### WHAT TO WORK ON
An exact copy of every entry is needed, without any of the pictures.

*** SUPPLIED RECORDS Section Begins ***

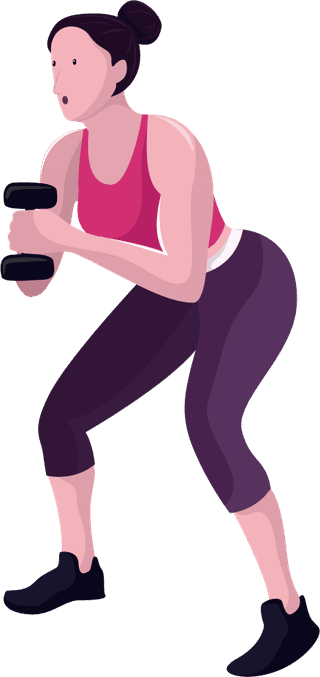 girlplaying-sports-sports-girls-icons-colored-cartoon-characters-sketch-153800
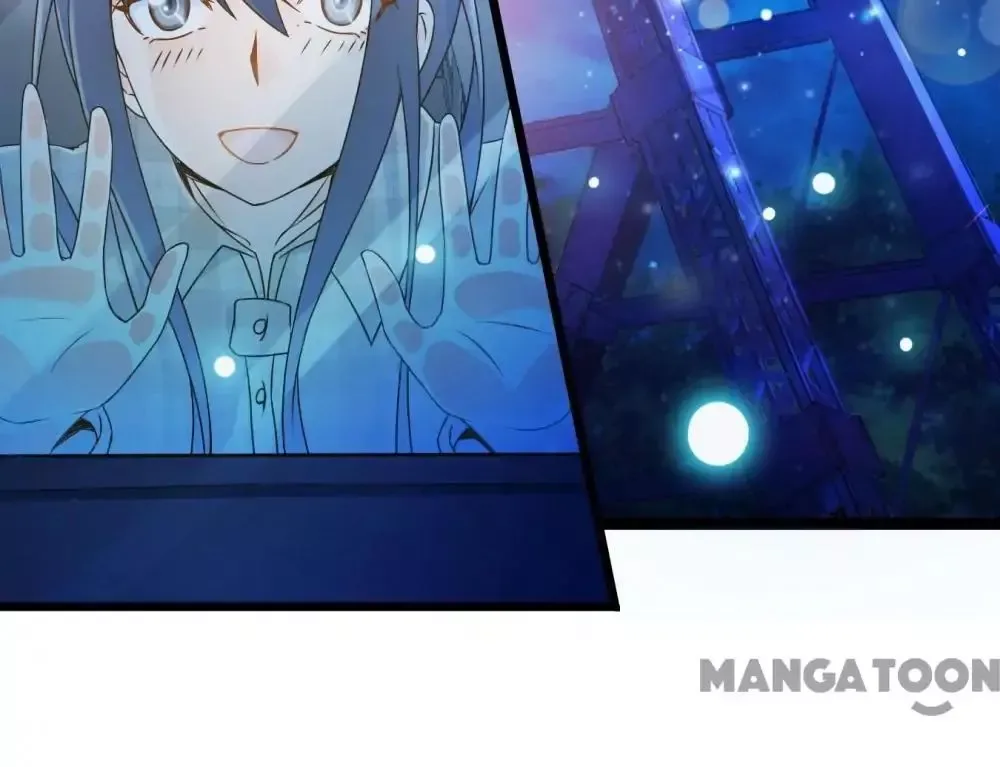 Day 100 of My Sister's Disappearance Chapter 60 page 27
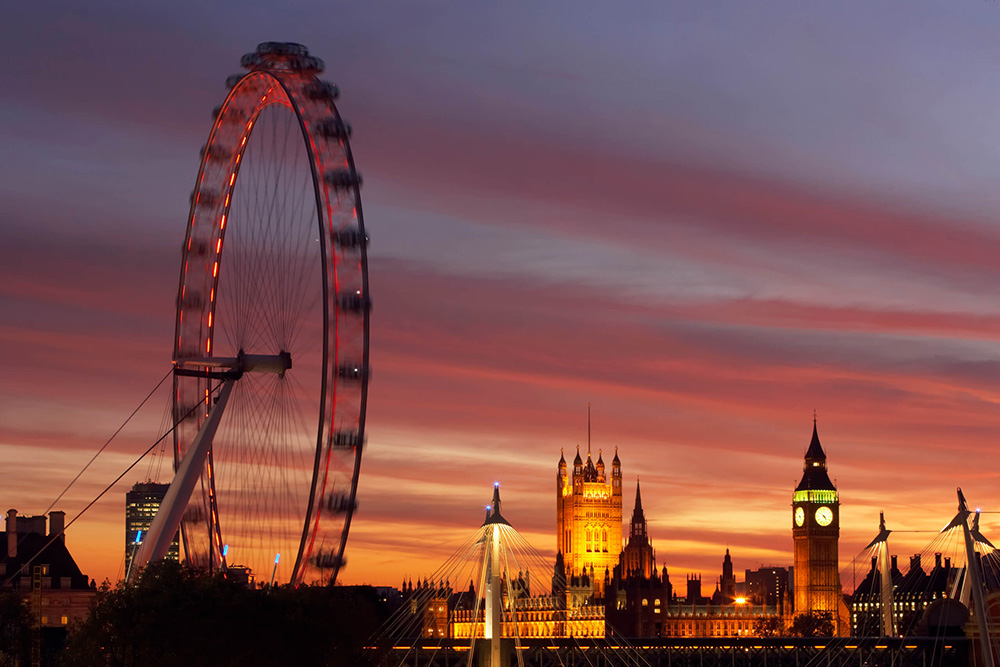 London – 5 atrakcija koje zahtevaju skretanje sa turističke rute, a oduševiće Vas!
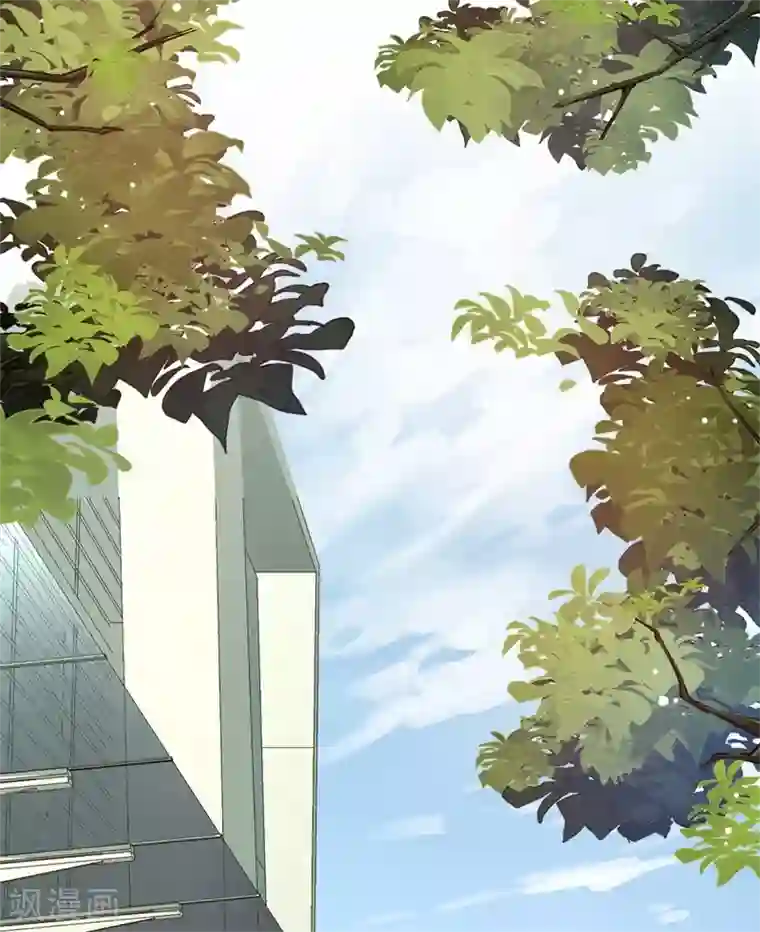 先婚后爱第51话 不一样的他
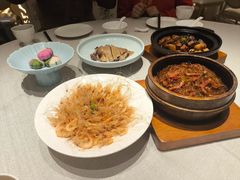 -狮王府淮扬菜(新街口友谊店)
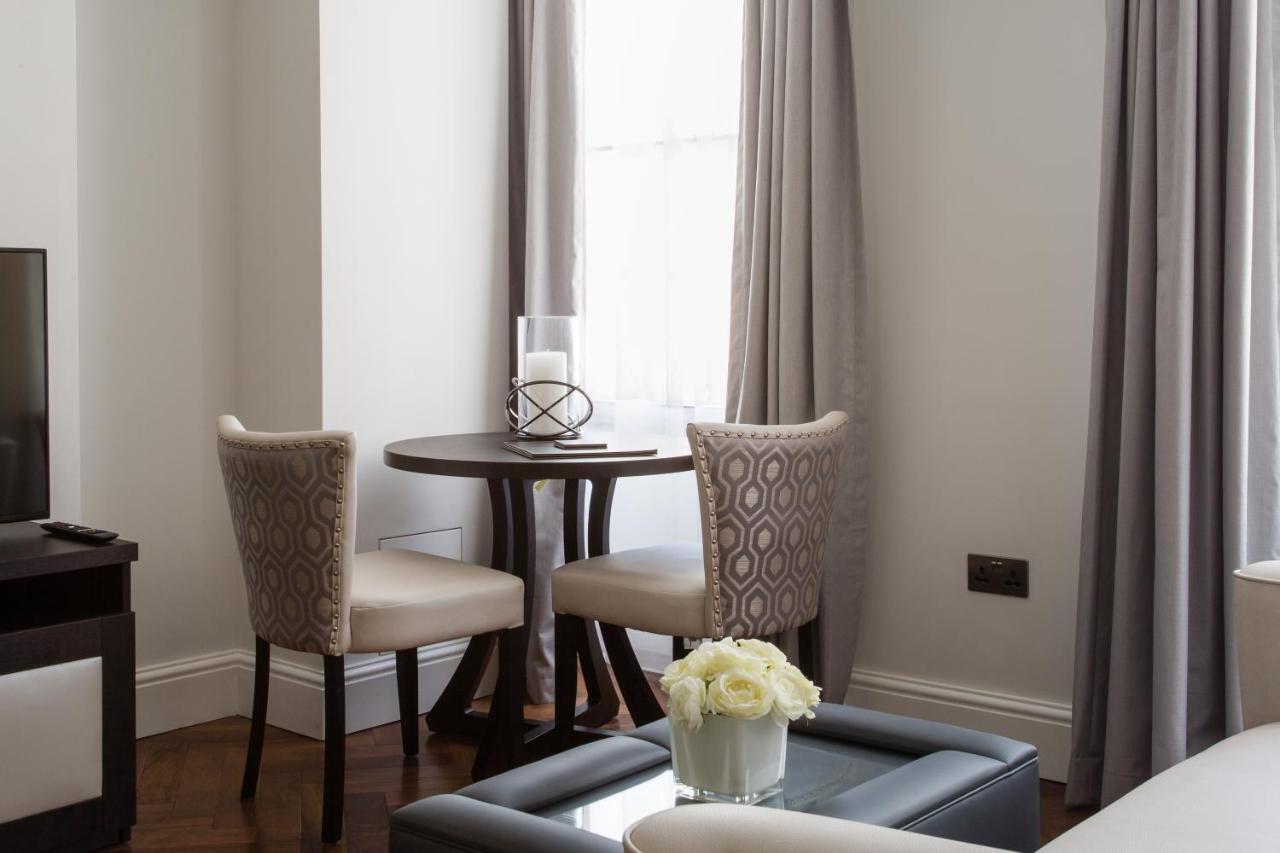 Baker Street By Viridian Apartment London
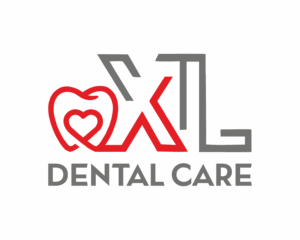 Home xl dental care logo png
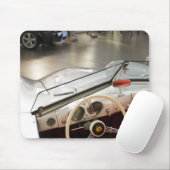 Deutschland, Baden-Württemberg, Mousepad (Mit Mouse)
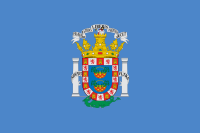 Bandera de Melilla Bandera de Melilla
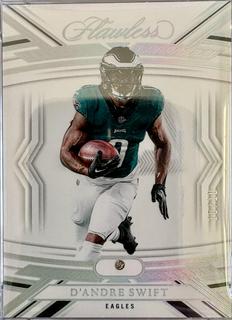 D'Andre Swift
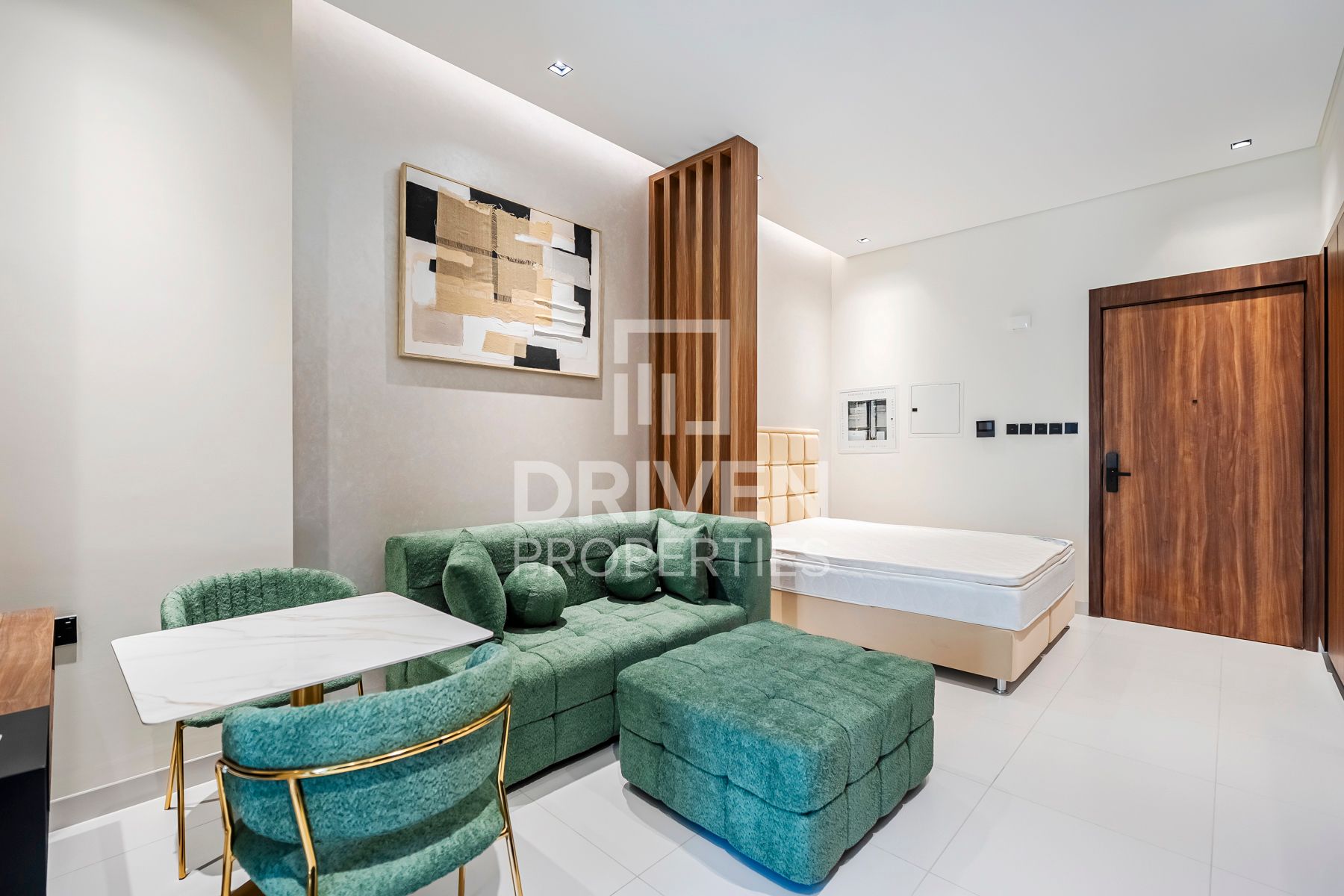 Brand New | Fully Furnished | Modern Living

*** SUPPLIED RECORDS Section Ends ***

### WRITTEN REPLY
 girlplaying-sports-sports-girls-icons-colored-cartoon-characters-sketch-153800
 Day 100 of My Sister's Disappearance Chapter 60 page 27
 London – 5 atrakcija koje zahtevaju skretanje sa turističke rute, a oduševiće Vas!
 先婚后爱第51话 不一样的他
 -狮王府淮扬菜(新街口友谊店)
 Baker Street By Viridian Apartment London
 Home xl dental care logo png
 Deutschland, Baden-Württemberg, Mousepad (Mit Mouse)
 Bandera de Melilla Bandera de Melilla
 D'Andre Swift
 Brand New | Fully Furnished | Modern Living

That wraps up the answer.